*** Records supplied Section Begins ***

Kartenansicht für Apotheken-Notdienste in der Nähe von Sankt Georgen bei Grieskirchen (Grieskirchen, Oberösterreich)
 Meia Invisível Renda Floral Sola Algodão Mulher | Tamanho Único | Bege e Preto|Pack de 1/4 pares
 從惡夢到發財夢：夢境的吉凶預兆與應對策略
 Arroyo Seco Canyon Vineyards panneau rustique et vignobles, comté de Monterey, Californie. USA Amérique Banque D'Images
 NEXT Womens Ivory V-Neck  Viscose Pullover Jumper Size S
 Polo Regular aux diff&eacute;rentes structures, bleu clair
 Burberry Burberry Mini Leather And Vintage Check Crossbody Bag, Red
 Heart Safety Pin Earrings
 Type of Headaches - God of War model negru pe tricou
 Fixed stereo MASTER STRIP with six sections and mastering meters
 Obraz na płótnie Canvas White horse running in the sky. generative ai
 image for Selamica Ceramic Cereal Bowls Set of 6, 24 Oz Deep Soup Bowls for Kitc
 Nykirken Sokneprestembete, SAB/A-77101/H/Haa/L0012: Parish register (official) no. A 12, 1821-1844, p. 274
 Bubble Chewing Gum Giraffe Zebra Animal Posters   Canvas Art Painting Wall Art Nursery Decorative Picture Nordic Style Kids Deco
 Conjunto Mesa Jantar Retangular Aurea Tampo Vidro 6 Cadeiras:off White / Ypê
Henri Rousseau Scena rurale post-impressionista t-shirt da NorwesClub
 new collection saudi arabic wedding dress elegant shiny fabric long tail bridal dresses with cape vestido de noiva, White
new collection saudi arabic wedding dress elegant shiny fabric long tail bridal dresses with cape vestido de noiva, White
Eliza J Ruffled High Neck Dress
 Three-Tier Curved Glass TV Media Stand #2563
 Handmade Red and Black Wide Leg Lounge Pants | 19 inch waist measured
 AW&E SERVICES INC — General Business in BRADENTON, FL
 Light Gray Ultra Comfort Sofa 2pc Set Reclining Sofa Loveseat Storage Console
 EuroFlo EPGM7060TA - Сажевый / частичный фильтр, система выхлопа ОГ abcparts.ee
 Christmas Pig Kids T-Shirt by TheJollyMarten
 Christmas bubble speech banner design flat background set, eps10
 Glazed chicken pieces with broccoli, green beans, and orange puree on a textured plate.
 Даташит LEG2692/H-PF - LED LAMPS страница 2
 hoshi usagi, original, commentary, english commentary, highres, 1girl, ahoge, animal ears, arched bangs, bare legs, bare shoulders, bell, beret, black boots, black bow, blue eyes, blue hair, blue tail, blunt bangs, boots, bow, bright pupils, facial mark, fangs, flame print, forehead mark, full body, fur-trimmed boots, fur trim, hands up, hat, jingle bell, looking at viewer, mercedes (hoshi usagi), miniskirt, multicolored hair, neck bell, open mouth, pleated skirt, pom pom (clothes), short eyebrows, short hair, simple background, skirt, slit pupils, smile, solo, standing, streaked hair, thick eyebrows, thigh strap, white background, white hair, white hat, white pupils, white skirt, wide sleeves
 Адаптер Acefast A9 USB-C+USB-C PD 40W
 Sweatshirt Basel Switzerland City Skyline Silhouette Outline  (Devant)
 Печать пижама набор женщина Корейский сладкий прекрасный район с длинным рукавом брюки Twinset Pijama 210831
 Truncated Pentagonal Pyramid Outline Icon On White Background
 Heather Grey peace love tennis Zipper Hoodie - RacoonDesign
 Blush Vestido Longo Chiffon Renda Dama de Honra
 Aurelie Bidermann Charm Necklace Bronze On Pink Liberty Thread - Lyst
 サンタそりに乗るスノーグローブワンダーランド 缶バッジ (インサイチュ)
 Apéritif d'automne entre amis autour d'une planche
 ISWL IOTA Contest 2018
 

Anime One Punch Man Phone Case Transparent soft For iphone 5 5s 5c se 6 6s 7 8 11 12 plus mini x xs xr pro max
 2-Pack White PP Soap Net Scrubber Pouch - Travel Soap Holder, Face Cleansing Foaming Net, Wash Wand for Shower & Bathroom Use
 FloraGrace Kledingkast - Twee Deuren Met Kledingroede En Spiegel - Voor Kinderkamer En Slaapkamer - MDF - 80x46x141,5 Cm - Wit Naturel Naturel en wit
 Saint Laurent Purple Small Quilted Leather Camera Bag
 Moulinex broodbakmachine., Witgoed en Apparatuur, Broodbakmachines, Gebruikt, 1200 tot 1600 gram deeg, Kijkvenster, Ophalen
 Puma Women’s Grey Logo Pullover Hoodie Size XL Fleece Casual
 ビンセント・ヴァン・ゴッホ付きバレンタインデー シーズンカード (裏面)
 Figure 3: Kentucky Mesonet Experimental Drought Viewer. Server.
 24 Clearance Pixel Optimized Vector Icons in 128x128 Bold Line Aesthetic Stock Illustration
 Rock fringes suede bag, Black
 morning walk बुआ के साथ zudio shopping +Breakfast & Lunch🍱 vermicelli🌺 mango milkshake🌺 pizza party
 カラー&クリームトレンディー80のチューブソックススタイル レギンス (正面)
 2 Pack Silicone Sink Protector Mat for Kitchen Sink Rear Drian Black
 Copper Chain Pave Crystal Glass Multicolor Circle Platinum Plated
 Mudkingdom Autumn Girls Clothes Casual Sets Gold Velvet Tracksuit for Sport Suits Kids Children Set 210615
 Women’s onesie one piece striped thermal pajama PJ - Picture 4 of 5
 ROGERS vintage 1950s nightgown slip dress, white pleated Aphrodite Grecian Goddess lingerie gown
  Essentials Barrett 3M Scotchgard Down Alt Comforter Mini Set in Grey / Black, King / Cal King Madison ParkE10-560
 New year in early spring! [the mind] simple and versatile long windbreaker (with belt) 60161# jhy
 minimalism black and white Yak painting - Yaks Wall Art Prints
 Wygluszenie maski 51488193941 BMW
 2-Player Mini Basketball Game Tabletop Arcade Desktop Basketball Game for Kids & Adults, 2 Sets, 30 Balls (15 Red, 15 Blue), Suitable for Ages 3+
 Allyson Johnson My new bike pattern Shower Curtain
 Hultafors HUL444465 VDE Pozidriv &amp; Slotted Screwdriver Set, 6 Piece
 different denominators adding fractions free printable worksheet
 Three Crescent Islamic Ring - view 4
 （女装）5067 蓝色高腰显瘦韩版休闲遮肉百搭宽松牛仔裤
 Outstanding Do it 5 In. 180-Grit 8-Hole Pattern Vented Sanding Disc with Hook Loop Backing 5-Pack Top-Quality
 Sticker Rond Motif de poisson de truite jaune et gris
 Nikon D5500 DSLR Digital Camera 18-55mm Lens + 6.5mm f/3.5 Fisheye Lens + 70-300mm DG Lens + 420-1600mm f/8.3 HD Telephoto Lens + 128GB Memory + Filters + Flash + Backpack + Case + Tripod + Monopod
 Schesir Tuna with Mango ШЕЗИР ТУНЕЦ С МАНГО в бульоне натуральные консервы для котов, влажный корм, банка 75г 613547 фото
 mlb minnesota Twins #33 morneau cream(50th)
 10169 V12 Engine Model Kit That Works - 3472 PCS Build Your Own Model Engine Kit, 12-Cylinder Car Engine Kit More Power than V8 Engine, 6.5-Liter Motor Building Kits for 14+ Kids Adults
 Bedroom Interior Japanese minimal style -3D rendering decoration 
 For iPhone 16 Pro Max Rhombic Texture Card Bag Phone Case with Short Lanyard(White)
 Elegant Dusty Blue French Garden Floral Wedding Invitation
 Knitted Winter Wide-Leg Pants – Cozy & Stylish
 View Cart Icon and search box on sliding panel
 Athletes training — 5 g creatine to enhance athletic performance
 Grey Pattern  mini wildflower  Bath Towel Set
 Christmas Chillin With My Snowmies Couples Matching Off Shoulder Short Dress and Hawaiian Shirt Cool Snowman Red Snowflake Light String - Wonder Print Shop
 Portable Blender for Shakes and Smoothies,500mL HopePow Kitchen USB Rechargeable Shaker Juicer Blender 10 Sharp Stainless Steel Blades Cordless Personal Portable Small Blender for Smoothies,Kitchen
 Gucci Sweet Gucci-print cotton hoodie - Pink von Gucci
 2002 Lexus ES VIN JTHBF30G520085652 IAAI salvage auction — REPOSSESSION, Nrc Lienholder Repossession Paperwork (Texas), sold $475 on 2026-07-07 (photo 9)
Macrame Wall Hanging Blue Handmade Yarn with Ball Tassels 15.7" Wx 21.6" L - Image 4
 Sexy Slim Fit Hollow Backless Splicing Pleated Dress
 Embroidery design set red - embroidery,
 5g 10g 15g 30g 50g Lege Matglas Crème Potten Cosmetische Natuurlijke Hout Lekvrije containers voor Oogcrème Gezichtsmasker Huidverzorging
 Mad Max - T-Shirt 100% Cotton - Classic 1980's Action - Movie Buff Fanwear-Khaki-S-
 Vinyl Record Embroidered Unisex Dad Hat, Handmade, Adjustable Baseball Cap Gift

*** Records supplied Section Ends ***

§ Prompt
Within the listing above, the range opens at the line with "Aurelie Bidermann Charm" and closes at the line with "Women’s onesie one". Reproduce exactly the lines of that range, including both ends.

§ Solution to this exercise
 Aurelie Bidermann Charm Necklace Bronze On Pink Liberty Thread - Lyst
 サンタそりに乗るスノーグローブワンダーランド 缶バッジ (インサイチュ)
 Apéritif d'automne entre amis autour d'une planche
 ISWL IOTA Contest 2018
 

Anime One Punch Man Phone Case Transparent soft For iphone 5 5s 5c se 6 6s 7 8 11 12 plus mini x xs xr pro max
 2-Pack White PP Soap Net Scrubber Pouch - Travel Soap Holder, Face Cleansing Foaming Net, Wash Wand for Shower & Bathroom Use
 FloraGrace Kledingkast - Twee Deuren Met Kledingroede En Spiegel - Voor Kinderkamer En Slaapkamer - MDF - 80x46x141,5 Cm - Wit Naturel Naturel en wit
 Saint Laurent Purple Small Quilted Leather Camera Bag
 Moulinex broodbakmachine., Witgoed en Apparatuur, Broodbakmachines, Gebruikt, 1200 tot 1600 gram deeg, Kijkvenster, Ophalen
 Puma Women’s Grey Logo Pullover Hoodie Size XL Fleece Casual
 ビンセント・ヴァン・ゴッホ付きバレンタインデー シーズンカード (裏面)
 Figure 3: Kentucky Mesonet Experimental Drought Viewer. Server.
 24 Clearance Pixel Optimized Vector Icons in 128x128 Bold Line Aesthetic Stock Illustration
 Rock fringes suede bag, Black
 morning walk बुआ के साथ zudio shopping +Breakfast & Lunch🍱 vermicelli🌺 mango milkshake🌺 pizza party
 カラー&クリームトレンディー80のチューブソックススタイル レギンス (正面)
 2 Pack Silicone Sink Protector Mat for Kitchen Sink Rear Drian Black
 Copper Chain Pave Crystal Glass Multicolor Circle Platinum Plated
 Mudkingdom Autumn Girls Clothes Casual Sets Gold Velvet Tracksuit for Sport Suits Kids Children Set 210615
 Women’s onesie one piece striped thermal pajama PJ - Picture 4 of 5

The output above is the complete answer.